Local 10 investigative reporter Jeff Weinsier called one of the numbers posted on the website and within 30 seconds had the address, how much he’d be charged per hour and a picture of a woman.

Weinsier confronted the woman who works at the store that advertises body treatments. She told Weinsier that she was the cleaning woman and didn’t even work there.

Local 10 wanted to show Hialeah police the hidden camera video and ask some questions about enforcement operations and undercover stings.
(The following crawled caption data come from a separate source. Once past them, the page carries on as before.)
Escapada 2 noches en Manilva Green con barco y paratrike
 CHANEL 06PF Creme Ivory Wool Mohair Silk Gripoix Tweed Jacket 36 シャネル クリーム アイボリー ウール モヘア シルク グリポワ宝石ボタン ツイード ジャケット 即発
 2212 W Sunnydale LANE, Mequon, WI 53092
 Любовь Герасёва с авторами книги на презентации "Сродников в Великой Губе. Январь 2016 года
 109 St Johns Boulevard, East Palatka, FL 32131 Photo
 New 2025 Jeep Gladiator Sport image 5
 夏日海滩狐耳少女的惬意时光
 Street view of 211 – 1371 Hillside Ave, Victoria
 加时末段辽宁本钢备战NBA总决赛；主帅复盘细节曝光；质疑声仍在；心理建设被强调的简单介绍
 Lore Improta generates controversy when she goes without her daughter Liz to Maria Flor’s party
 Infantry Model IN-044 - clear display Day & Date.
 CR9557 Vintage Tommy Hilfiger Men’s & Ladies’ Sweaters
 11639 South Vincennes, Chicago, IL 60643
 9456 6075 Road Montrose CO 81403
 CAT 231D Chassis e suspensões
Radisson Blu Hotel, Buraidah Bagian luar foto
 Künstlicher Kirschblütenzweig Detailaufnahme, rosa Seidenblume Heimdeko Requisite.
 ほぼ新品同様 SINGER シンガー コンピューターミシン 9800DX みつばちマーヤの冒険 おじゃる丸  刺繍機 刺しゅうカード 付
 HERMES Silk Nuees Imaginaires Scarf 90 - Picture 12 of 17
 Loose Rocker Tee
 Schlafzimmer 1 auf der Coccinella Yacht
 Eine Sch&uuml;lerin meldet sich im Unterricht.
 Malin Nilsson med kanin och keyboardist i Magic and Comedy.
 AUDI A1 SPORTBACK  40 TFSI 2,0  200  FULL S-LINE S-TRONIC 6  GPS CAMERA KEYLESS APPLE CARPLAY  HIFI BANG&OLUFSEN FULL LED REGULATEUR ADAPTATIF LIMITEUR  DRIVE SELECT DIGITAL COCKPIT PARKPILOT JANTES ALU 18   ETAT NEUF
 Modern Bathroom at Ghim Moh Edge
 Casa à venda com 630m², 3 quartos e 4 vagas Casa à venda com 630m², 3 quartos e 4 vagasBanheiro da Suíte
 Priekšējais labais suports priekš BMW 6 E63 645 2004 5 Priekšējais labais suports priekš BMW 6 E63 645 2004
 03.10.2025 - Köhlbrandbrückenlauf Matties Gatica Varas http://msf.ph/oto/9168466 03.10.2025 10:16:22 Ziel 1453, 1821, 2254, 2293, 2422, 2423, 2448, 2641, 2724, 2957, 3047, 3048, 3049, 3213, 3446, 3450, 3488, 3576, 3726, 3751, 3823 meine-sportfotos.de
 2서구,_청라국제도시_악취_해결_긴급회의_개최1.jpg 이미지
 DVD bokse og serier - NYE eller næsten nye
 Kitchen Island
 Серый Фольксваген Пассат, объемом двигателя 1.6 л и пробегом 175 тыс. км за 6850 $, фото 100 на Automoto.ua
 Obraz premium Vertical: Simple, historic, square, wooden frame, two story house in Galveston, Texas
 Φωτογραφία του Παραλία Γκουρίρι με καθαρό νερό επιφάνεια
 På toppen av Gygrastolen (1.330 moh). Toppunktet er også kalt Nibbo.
However, Local 10 was not granted an on-camera interview.

Police asked Local 10 to send them the materials, but station policy prohibits handing over raw video.

Outside of a Hialeah City Council meeting, Police Chief Sergio Velasquez said he had no knowledge that his department was informed of the locations in the past.



Body Treatments sign

“I’m not sure why no one can sit with us and watch it so we can explain what we have?” Weinsier asked Velazquez.

“Because we have our own method of conducting our investigation,” the chief told Weinsier.

Hialeah Mayor Carlos Hernandez also refused to sit down and watch Local 10′s hidden camera video.

“If there is an issue or a crime, we will look into it,” the mayor told Weinsier.

Local 10 News did provide Hialeah police with the addresses, but at last checking they were still open for business.

“We are in receipt of the information and I will submit it to our criminal investigations division,” Sgt. Carl Zogby said.